Originally Posted by SarahW

I don't have anything to add, but I would like to know how opening a bay door could have possibly caused a leaking jack??

easy I blame my DW for almost everthing

[SarahW]

Quote:

Originally Posted by Pds47

easy I blame my DW for almost everthing

So...your DW caused the open door or the leaking jack??

[brian-nicola]

I learned those are fight'n words....I always blame the cat!

[Mr_D]

Some years ago 6 families went to Yellowstone, on the way there we were following one of the group. His bay door came open and we ran over some of the grape pop cans, we could smell it. He worked on them and thought he had it fixed. On the way back and in the Columbia Gorge it came open again and we ran over empty pop cans!
I also had one come open, dealer was supposed to fix it but I lost a set of air tools due to it not being fixed right. Saw the door open but by the time I got turned around and got back to the spot an SUV was driving away with the tools and no way for me to stop them. Since then I double check the bays before I leave and have had no trouble.

[Tomandjimmy]

It's called pressure. The door kept swinging open. Causing a pressure change in that bay. (The hydronic fluid was leaking from the top, and running down the side)It also caused deisel seems to enter the main cabin of the coach. We learned that after the fact. Everytime we would get that smell in the coach, you could almost gaurentee that a bay door was swinging in the wind.

[SarahW]

Quote:

Originally Posted by Tomandjimmy

It's called pressure. The door kept swinging open. Causing a pressure change in that bay. (The hydronic fluid was leaking from the top, and running down the side)It also caused deisel seems to enter the main cabin of the coach. We learned that after the fact. Everytime we would get that smell in the coach, you could almost gaurentee that a bay door was swinging in the wind.

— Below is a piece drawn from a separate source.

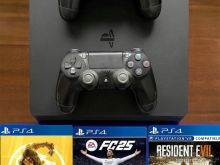 Playstation 4 Slim me 2 Leva & Lojera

Our bays are far from air-tight, so I don't believe air pressure change would be a factor. I'd be more concerned about our stuff falling out onto the highway. Our jacks are beneath the chassis so I still have no idea how a bay door would affect them.

[Tomandjimmy]

That last bay only has the access to fluids for filling. It is not air tight either. However, we filled up the fluid, then the door was swinging again, it split out again. We finally managed to secure the door and it didn't happen again. Explain that one? Oh, my jacks are also below the coach. However the tank that fills them is up in the engine area.

[Tomandjimmy]

Sarah, This is easier: Lecture 16
• Newton’s Second Law for Rotation • Moment of Inertia • Angular momentum
Cutnell+Johnson: 9.4, 9.6
Newton’s Second Law for Rotation
Newton’s second law says how a net force causes an acceleration. We can apply this to a rotation. Let’s look at a toy airplane tied to the end of a string. We talked at length how the centripetal force is necessary to keep the plane moving in a circle. Centripetal force is all you need to keep the plane moving at a constant angular speed. However, if you want to change the angular speed (to get it going faster or slower), you need to apply a tangential force as well. In other words, you need to apply a torque.
What we’ll do here is see how the torque is related to the angular acceleration. In other words, we’ll derive the rotational version of Newton’s second law. Let’s first consider a case where all the mass is in one place, like the airplane of mass M on a string of length r traveling in a circle. The only tangential force is the force due to the airplane engine: the string only provides a centripetal force. Call this force FT. Newton’s second law (which always applies in any situation) says that FT = maT We can now compute the torque: τ = FTr = maTr We derived a few lectures ago that for a single object, the angular acceleration is related to the linear acceleration by aT = αr Plugging this into the equation for the torque:
τ = (mr2)α
The factor mr2 is called the moment of inertia. The equation I wrote applies just for a single object. The general equation is τ = Iα
1
For a single object, the moment of inertia I is equal to mr2.
I’ll show below that the angular momentum L is given by
L = Iω
Just like a torque is related to a force, but is not the same thing, angular momentum is related to the usual momentum but is not the same thing. Thus you do not add it with the linear momentum: in fact, L has dimensions (mass)(distance)2/(time), while linear momentum p has dimensions (mass)(distance)/(time). If there is no net external force, the linear momentum is conserved. If there is no net external torque, angular momentum is conserved.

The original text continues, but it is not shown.